Kimberly Allen has decided not to give the children Christmas presents this year.
She’ll give them each a Christmas future instead.
“I have decided to open savings accounts for my grandbabies and teenage daughter,” says Allen, of Newark, Del., who plans to deposit a few dollars in the accounts each pay period. “I just want them to understand that any cent they put away will benefit them.”
To be sure, Christmas futures aren’t nearly as fun to rip open as Christmas presents. But with college tuition costs rising at more than 5 percent annually, an investment in a child’s financial future may bring more happy returns in the long run.
The good news is that investment options for children come in as many shapes and sizes as holiday sweaters.
Here are some of the advantages and disadvantages of popular investment choices:
U.S. Treasury savings bonds used to be a staple investment to enclose in holiday cards. Today they are less popular, as investment opportunities have expanded.
The good thing about giving bonds is that they are a simple, low-risk investment. The drawback is that they don’t yield high returns compared with many other investments.
Named after a section of the Internal Revenue Code, 529 plans were designed to help save for a child’s higher education by creating an account that could grow tax-free, as long as it was used for education purposes. The plans, which vary by state, include a number of investment options, such as stocks, bonds and money market accounts. Pre-paid plans, offered by both states and educational institutions, allow savers to pre-pay tuition, locking in today’s rates for tomorrow’s study.
One of the benefits: a high cap on maximum contributions: up to $12,000 per year.
A drawback is the money can be used only for higher education. And if the money is not used for higher education expenses, there is a 10 percent penalty on withdrawals.
Like 529 plans, Coverdell Education Savings accounts allow savings for education to grow tax-deferred, as long as withdrawals are used for education expenses. Unlike 529 plans, Coverdell accounts can be used for any type of education, from kindergarten to post-graduate. However, the Coverdell has a maximum contribution limit of $2,000 per year.
Custodial accounts/stocks and mutual funds
Giving shares of stocks or mutual funds to a child can help educate them about investing.
Custodial accounts, known in technical terms as UGMAs or UTMAs (named after the Uniform Gifts to Minors Act and the Uniform Transfer to Minors Act, respectively), allow a child to own stocks, bonds, mutual funds, and other assets through a custodian until the child comes of age (18 or 21, depending on the account) and assumes ownership of the assets.
Jon Walton, a certified financial planner at Independence Wealth Advisors in Wilmington, prefers mutual funds to stocks for children because they are more diversified and hence less prone to dizzying ups and downs.

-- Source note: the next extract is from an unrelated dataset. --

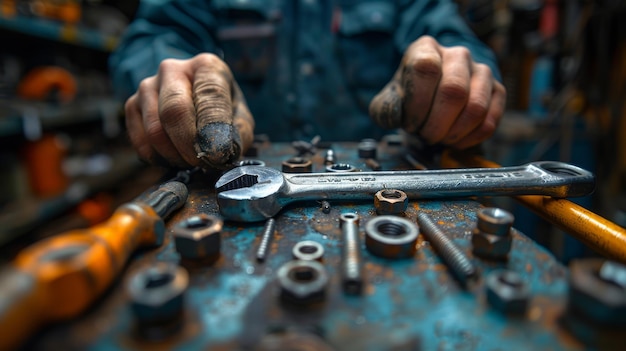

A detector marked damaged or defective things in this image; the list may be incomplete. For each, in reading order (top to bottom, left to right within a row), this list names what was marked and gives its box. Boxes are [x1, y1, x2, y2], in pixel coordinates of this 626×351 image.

rusty work surface [26, 142, 584, 351]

“If you gave them 20 shares of Enron, they might never invest again,” he said.
There are some drawbacks to opening a custodial account for a child, says Brad Foy, a certified financial planner at Bassett, Brosius & Dawson, a Wilmington investment firm.
First, because the child takes ownership of the account at age 18 or 21, the child has the freedom to spend it on something other than education. Also, a child’s assets count against him for purposes of financial aid. Finally, the investments inside the account do not grow tax-deferred.

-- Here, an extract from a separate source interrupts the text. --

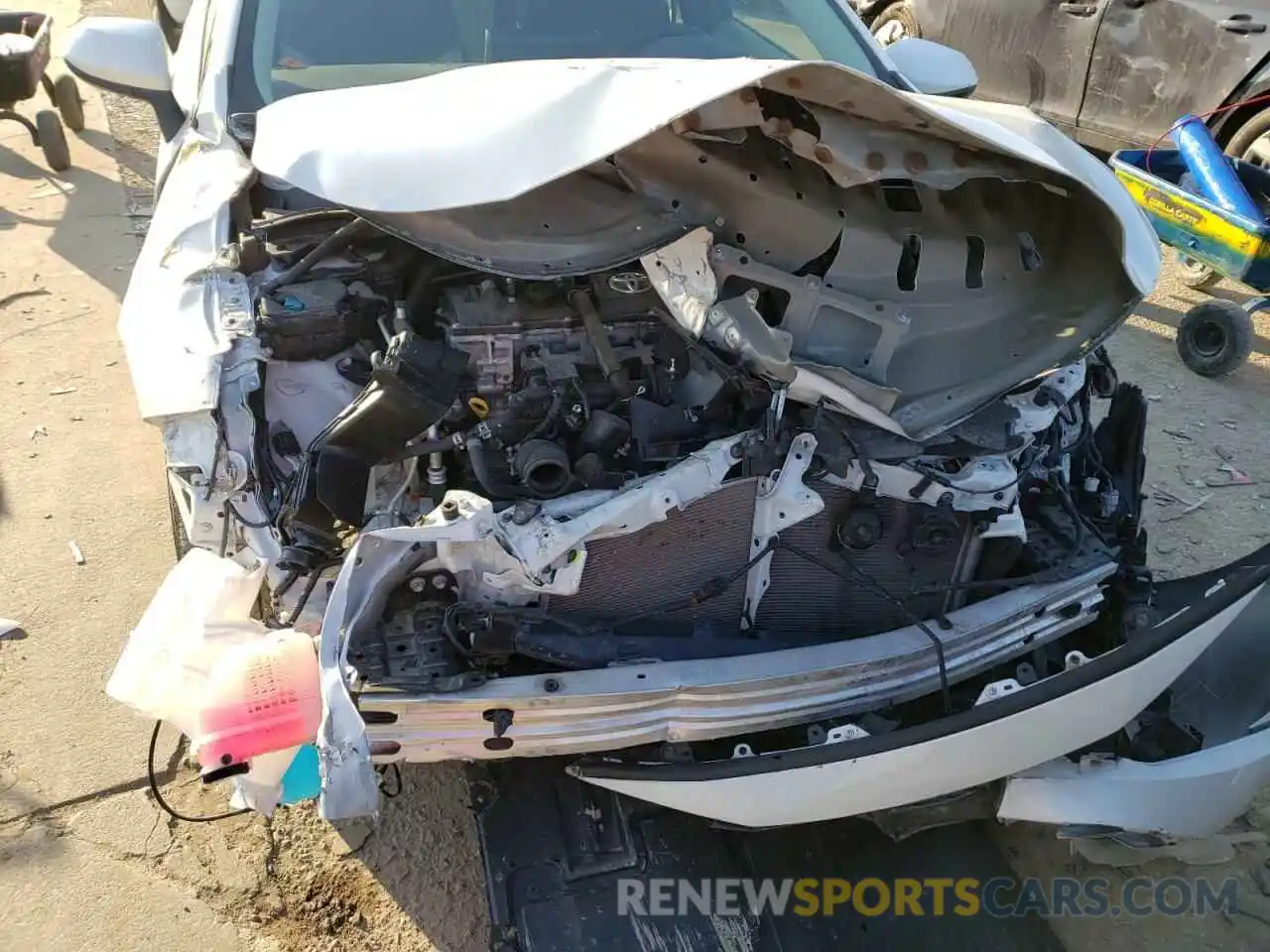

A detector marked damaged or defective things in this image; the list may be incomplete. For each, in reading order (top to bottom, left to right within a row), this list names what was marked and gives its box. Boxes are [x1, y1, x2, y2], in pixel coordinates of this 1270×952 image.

crumpled hood [250, 57, 1163, 294]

If a child is old enough to have a job, friends and family could consider pitching into a Roth Individual Retirement Account.

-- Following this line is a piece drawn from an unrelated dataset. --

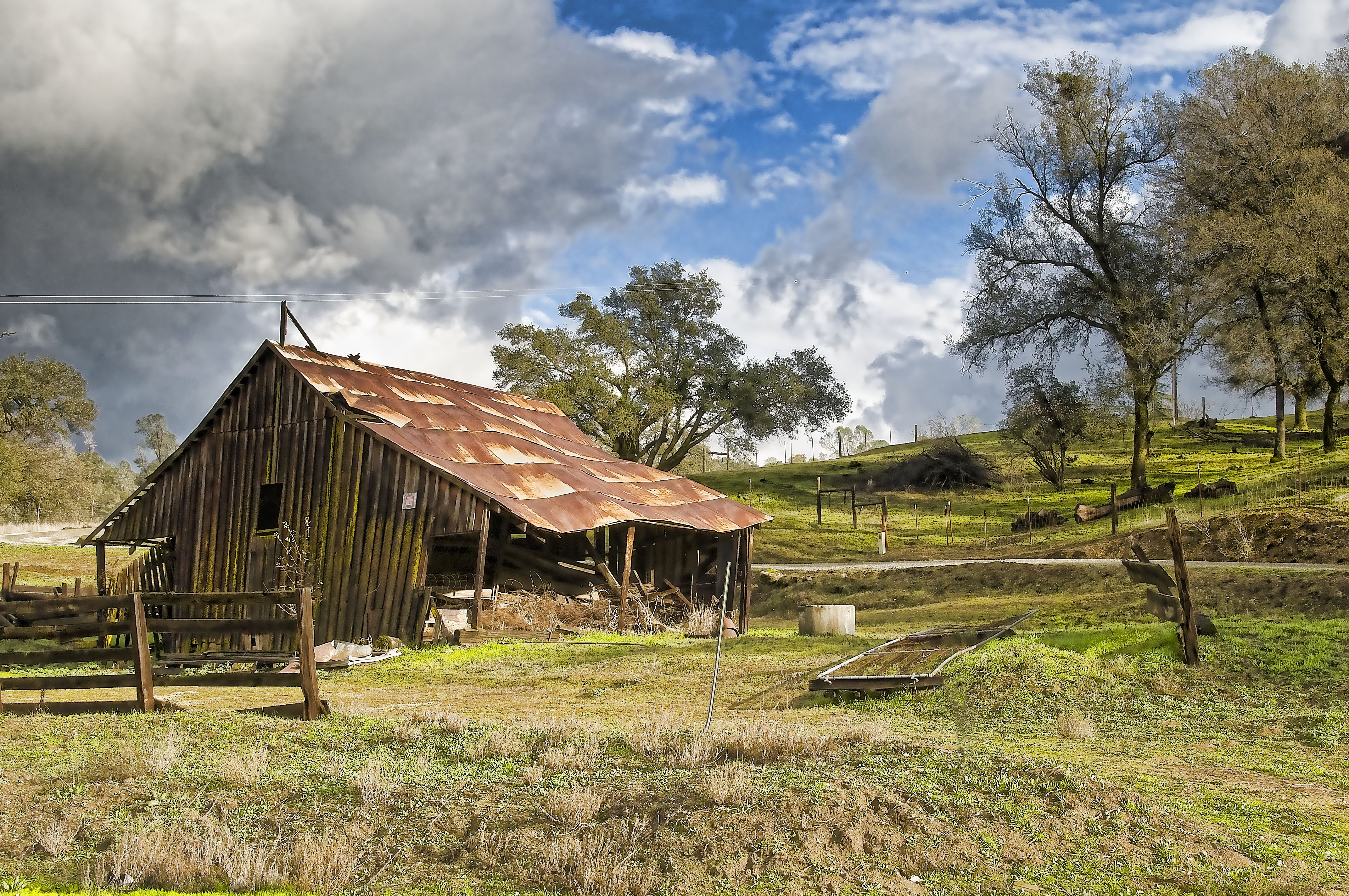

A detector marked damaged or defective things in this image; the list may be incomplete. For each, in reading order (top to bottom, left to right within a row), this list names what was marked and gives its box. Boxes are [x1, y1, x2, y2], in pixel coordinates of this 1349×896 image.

The Roth IRA doesn’t provide tax deductions on contributions, but it allows money to grow tax-free until retirement. Any child with earned income can start an IRA, and can contribute up to $4,000 per year (or 100 percent of their income if they earn less than that), says Carol E. Arnott, a certified financial planner with the Greenville Financial Group.
The benefits are that a child can use Roth IRA money for education without paying a 10 percent penalty; only the earnings will be taxed upon withdrawal. If not used for education, the money can be used later for retirement.
The downside? That control issue again.
“When you put it into a Roth IRA, it is the child’s money,” says Arnott. “So if they’re going to be irresponsible about it, maybe a 529 is the best way to go.”